Tax deductions for high-income earners and non-habitual residents’ (NHR) regime

Recently repealed, beginning January 1, 2024, the Non-Habitual Residents (NHR) regime provides advantageous tax status for those who become tax residents in Portugal. Still, the government covers those who already registered as NHR on January 1, 2024, or those who fulfilled the registration requirements by December 31, 2023. Subject to specific criteria, those who become tax residents in Portugal until December 31, 2024, could potentially be eligible under the scheme.

Non-habitual residents under the NHR system pay a flat rate of 20% on work income ( Category A) and self-employment income ( Category B) from highly valuable-added activities of a scientific, artistic, or technical nature. Foreign-source income including property income, interest, and dividends qualifies for a tax exemption (with advancement) provided particular criteria are satisfied. Pensions from abroad as well as other payments from pension funds and other retirement plans are subject to a flat tax rate of 10%.

Still, NHR status holders are not entitled to the following tax deductions.

NHR 2.0 Tax Incentive Scheme for Scientific Research and Innovation (RFCI)

The Tax Incentive Scheme for Scientific Research and Innovation (IFICI) is a new tax incentive scheme for research and innovation that the 2024 State Budget presented. Those who become Portuguese tax residents in a particular year, have not qualified as tax residents in Portugal in the past five years, and do not gain or profit from the NHR regime or the former resident regime apply under this regime. In addition to an exemption on foreign-sourced employment income, business and professional income, investment income, rental income, and capital gains, qualified individuals can profit from a special 20% tax rate on net employment income ( Category A) and business and professional income ( Category B) from the activities identified in the relevant legislation.

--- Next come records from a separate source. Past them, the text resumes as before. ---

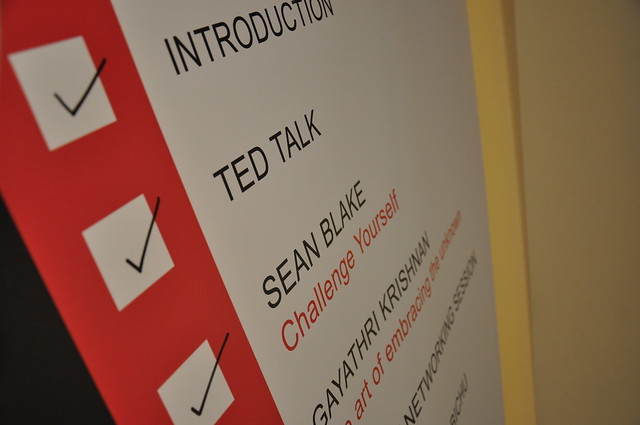 Checklist banner for TEDxManipalUniversityDubai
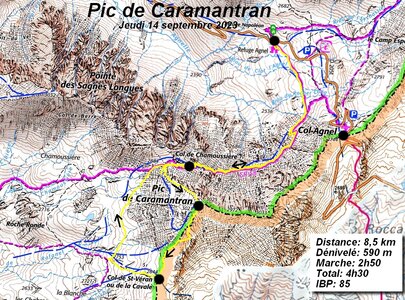 Pic de Caramantran, Pic de Caramantran 036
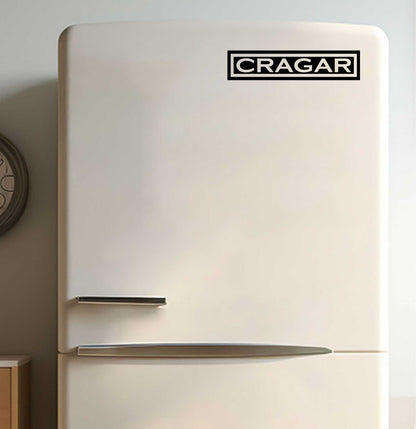Cragar Wheels decal, sticker,  performance decal, car sticker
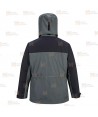 Parka con forro polar desmontable, impermeable y transpirable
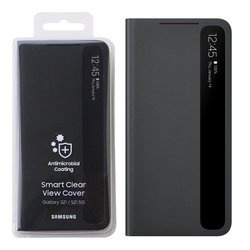 Samsung Galaxy S21 case Smart Clear View Cover EF-ZG991CBEGWW - black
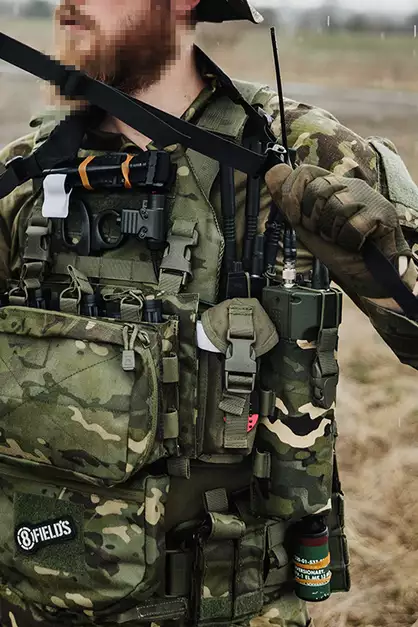 Radio Pouch  PRC148/152 - MT [8FIELDS]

Still, given the absence of ministerial laws, applying for the regime is not easy.

Finally regarding tax deductions for high earners

Being a high-income earner in Portugal might make negotiating the complicated tax terrain difficult. Still, you can drastically reduce your tax load and keep more of your hard-earned money by using the several tax credits, allowances, and special regimes at hand. Staying current and aggressively designing your tax plan can help you to guarantee your financial situation in Portugal and release major tax savings.

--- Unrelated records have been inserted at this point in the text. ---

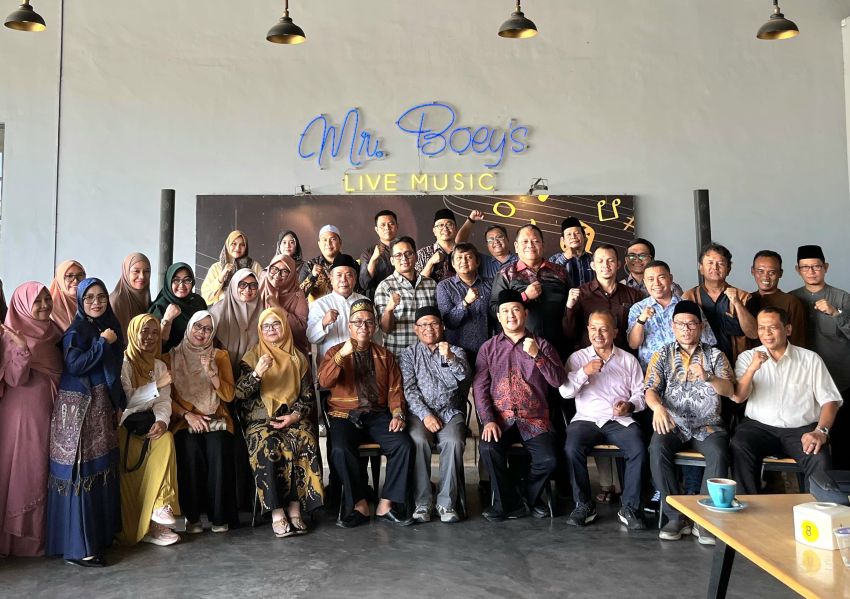 Temu Alumni Hadesya Perkuat Reputasi Program Doktor Ekonomi Syariah UIN SU Medan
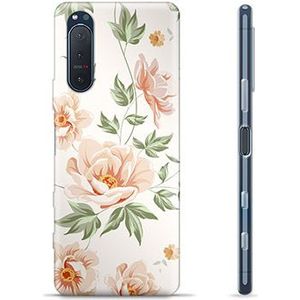 Sony Xperia 5 II TPU-hoesje - Bloemen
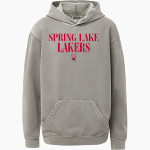 Spring Lake Lakers <span class="pdp-name-mascot">Spring Lake Lakers</span> MV Sport Youth Coastal Color Hoodie Front Thumbnail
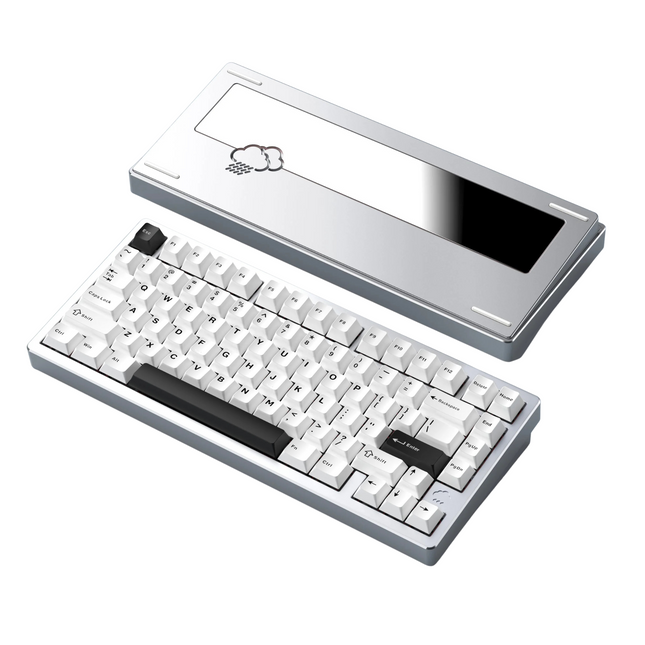 WOBKEY Rainy 75 Aluminum RGB Wireless Mechanical Keyboard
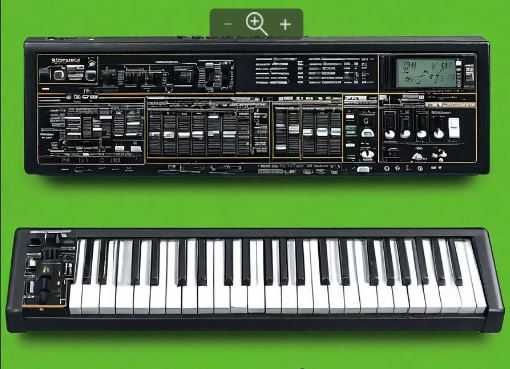 Ремонт синтезаторів (Yamaha, Casio, Korg . . . )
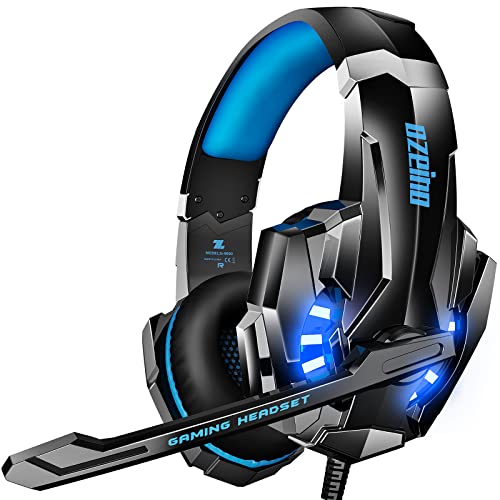 Ozeino Gaming Headset für PS4 PS5 3D...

This article on “tax deductions for high-income earners” provides general informative material only; it is not meant to be legal advise. Laws and legal processes fluctuate, hence even if every effort has been taken to guarantee the truth of the material, the particulars of any case can differ greatly. Therefore, before acting, readers are encouraged to get advice specifically fit to their situation from a certified expert or attorney in Portugal. This article does not establish an attorney-client relationship among the publisher, the writers, or the reader. Based on the content of this article, the writers and publishers are not liable for any actions either done or not taken.